Parce que la vie ne se réorganise pas autour de ce que tu as vécu. Elle se réorganise autour de ce que tu es. Tant que tu te vis comme « celui à qui c'est arrivé », la vie te répond comme à celui-là. Le jour où tu deviens vraiment toi, tout change autour de toi.
Par où ça commence
Pas par une technique. Il n'y a rien de plus à faire. Il y a quelque chose à poser.
Ça commence quand tu arrêtes de te présenter par ta blessure. Tant que ton histoire est ta carte d'identité, tu la gardes vivante. Parle de ce que tu as compris, plus seulement de ce que tu as subi.
Ça continue quand tu apprends à faire le tri. Devant une peur, une réaction, une croyance, pose-toi une seule question : est-ce vraiment moi, ou est-ce ce qu'on m'a appris à être ? Ce qui n'est pas toi tombe dès que tu le regardes en face.
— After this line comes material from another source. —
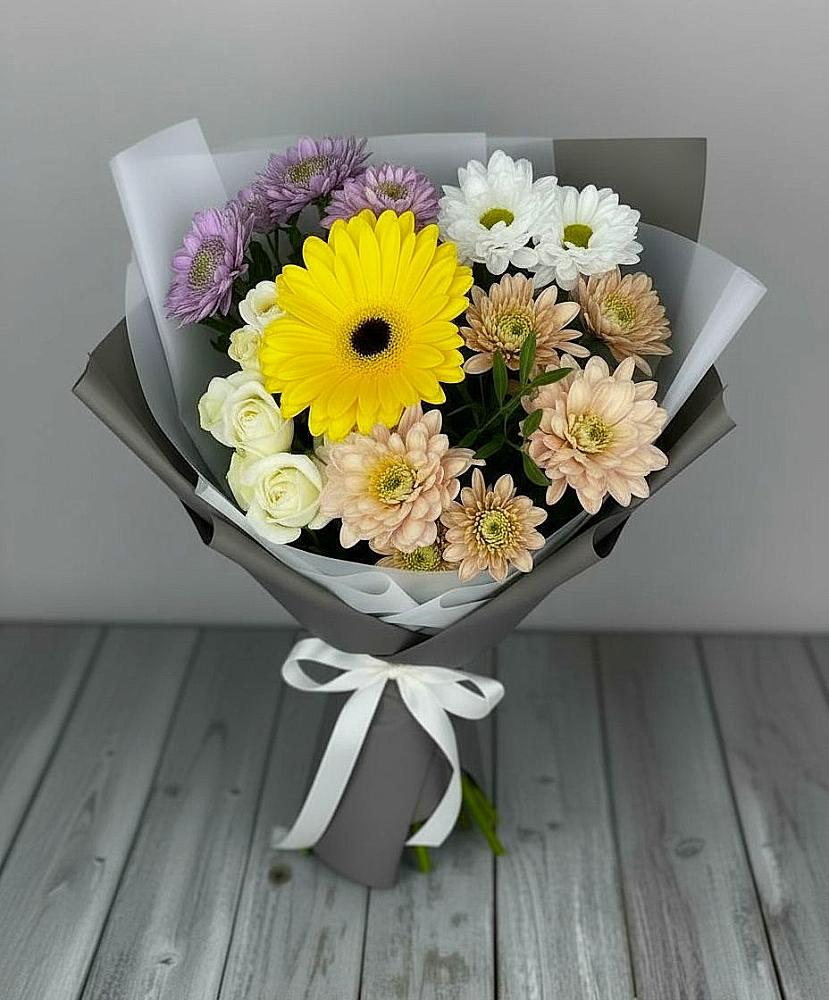 Букет цветов из: Розы, Герберы и Хризантемы в Мулловке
Et ça se termine quand tu arrêtes de réfléchir pour ressentir. La tête comprend, mais elle ne libère pas. On ne guérit pas d'une douleur en y pensant mieux. On en guérit en osant enfin la sentir, sans fuir. Ce que tu ressens n'est pas un problème. C'est ton être qui te montre où il est encore recouvert.
Ce qui reste
Ce qui t'a traversé n'était pas là pour te définir. C'était un passage. Douloureux, injuste peut-être. Mais un passage. Tu n'as pas à y retourner. Tu n'as pas non plus à faire comme s'il n'avait jamais existé. Tu as à en faire quelque chose. Et un jour, ce qui a failli te briser devient exactement ce qui te fait progresser. Pas parce que le mal était un bien déguisé. Mais parce que tu as enlevé les pierres qui n'étaient pas toi. Et laissé l'eau couler de nouveau.
Tu n'es pas ce qui t'est arrivé. Tu es ce que tu en as fait.